- **Assignment**
Return exactly the lines of the data below, from the one that contains "Smiling blonde lying" through the final line, and leave out every picture.

-- Opening Marker --

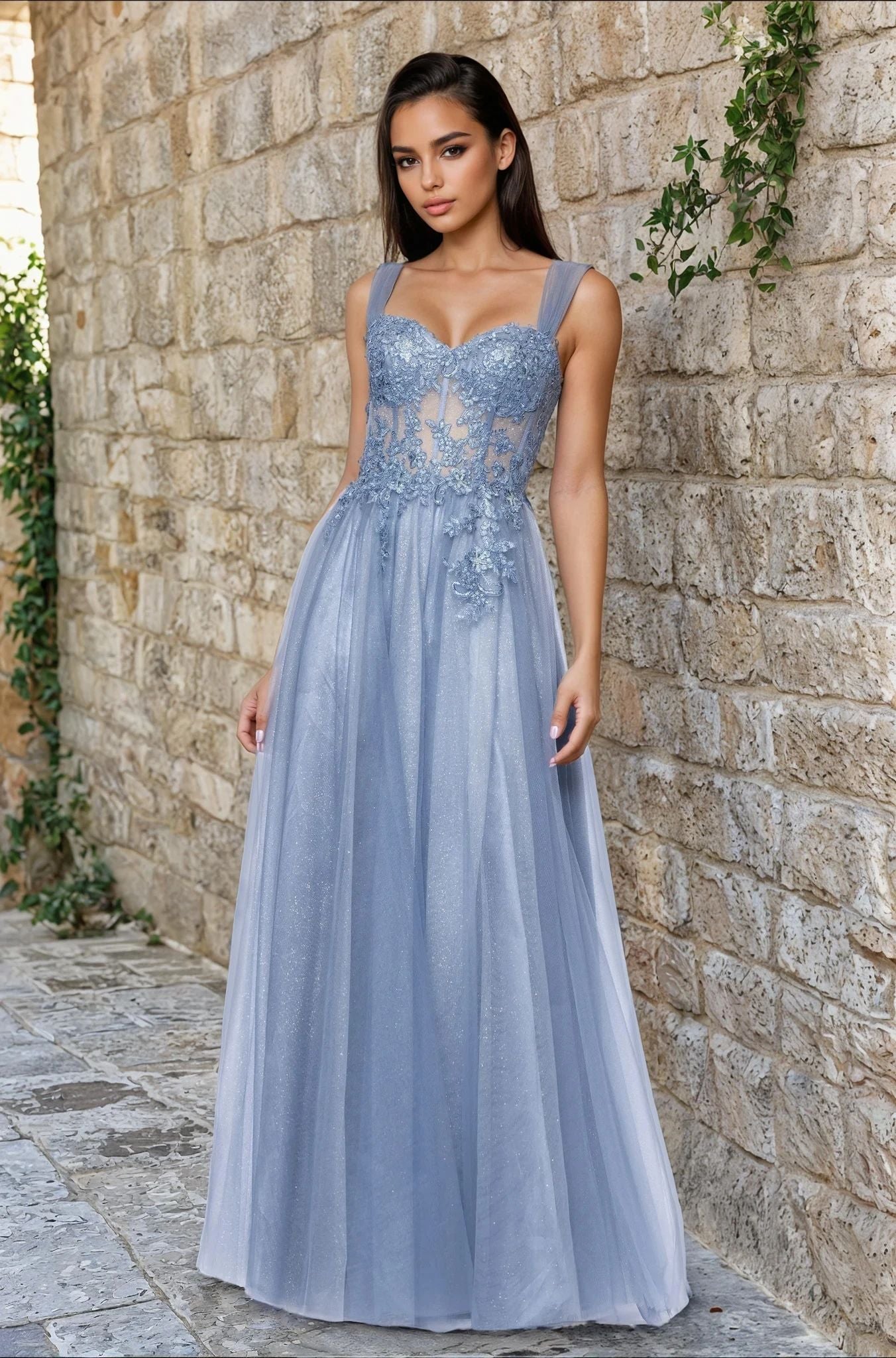 A woman in the Long Prom Dress: Blondie Nites 5311BN, a slate sequin-lace gown with a corset bodice, stands by a stone wall with greenery, gazing at the camera.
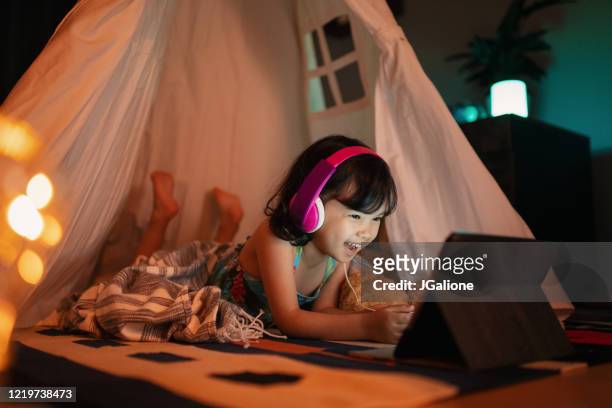 Young girl watching a digital tablet at night whilst relaxing in a tent in her bedroom
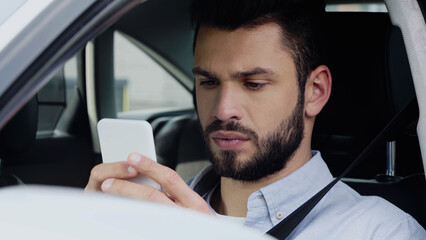 thoughtful man estimating route on smartphone while sitting in car.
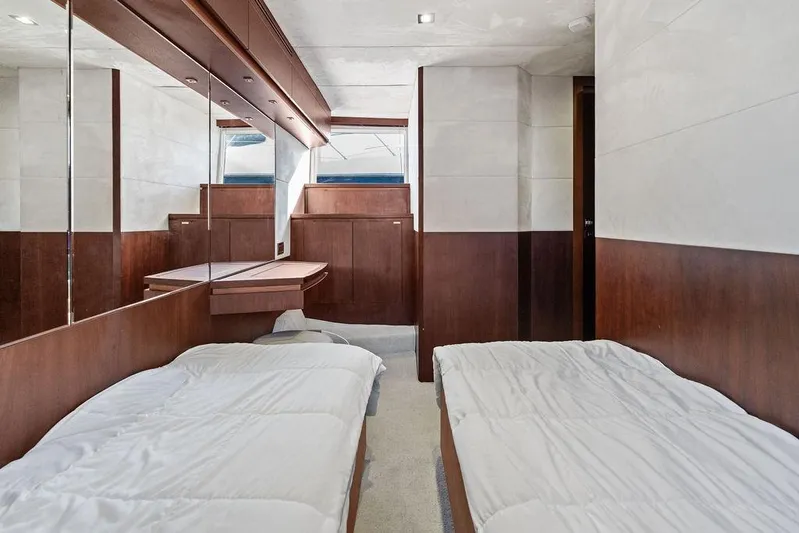  Yacht Photos Pics Luxurious cabin interior of 2018 Galeon 640 Fly yacht with twin beds and wooden accents.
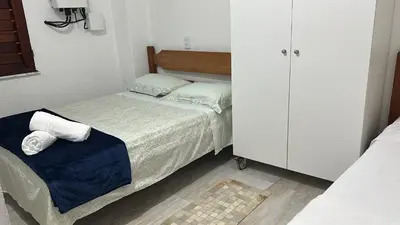 Uma cama ou camas num quarto em Casa de Praia Aconchegante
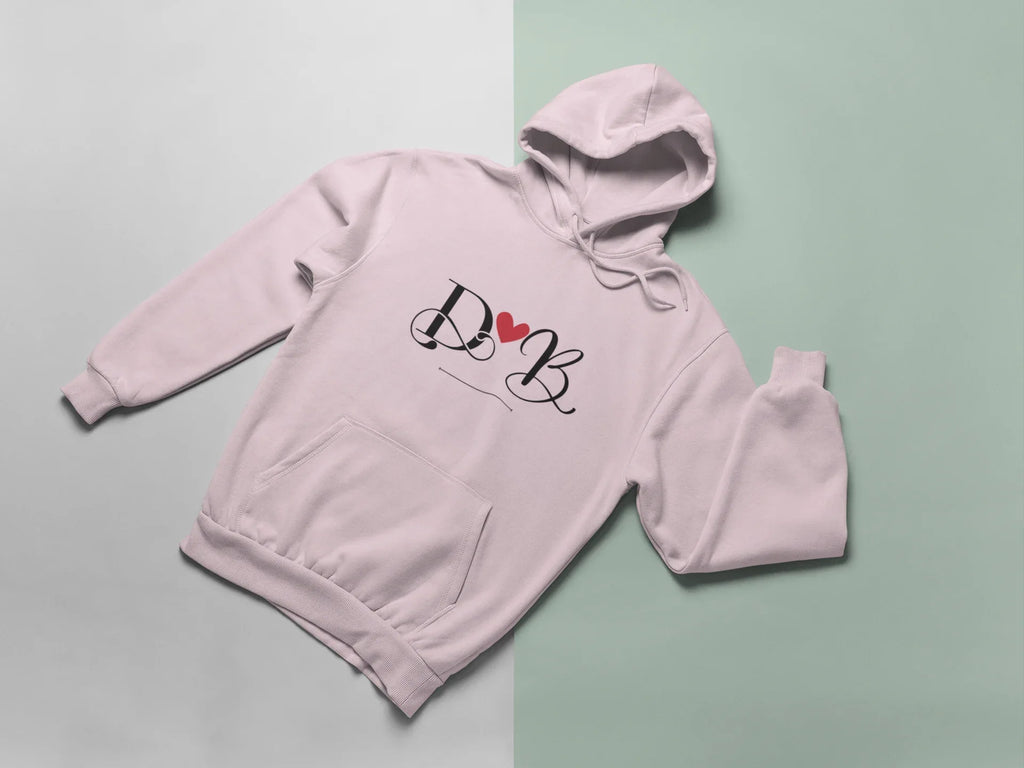 Pale pink hoodie with heart monogram graphic on chest, folded view with hood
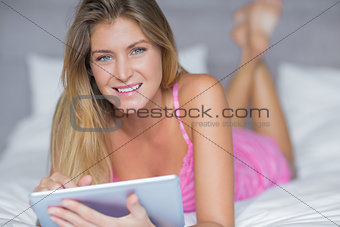 Smiling blonde lying on her bed using her tablet pc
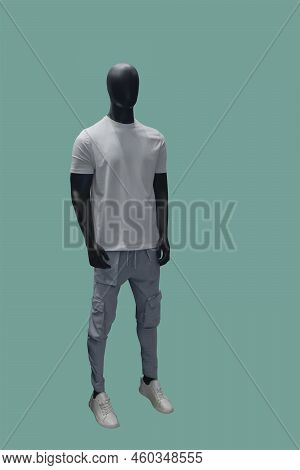 Full Length Image Of A Male Display Mannequin Wearing White T-shirt And Grey Cargo Pants Isolated On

-- Closing Marker --

- **Response to the exercise**
 Smiling blonde lying on her bed using her tablet pc
 Full Length Image Of A Male Display Mannequin Wearing White T-shirt And Grey Cargo Pants Isolated On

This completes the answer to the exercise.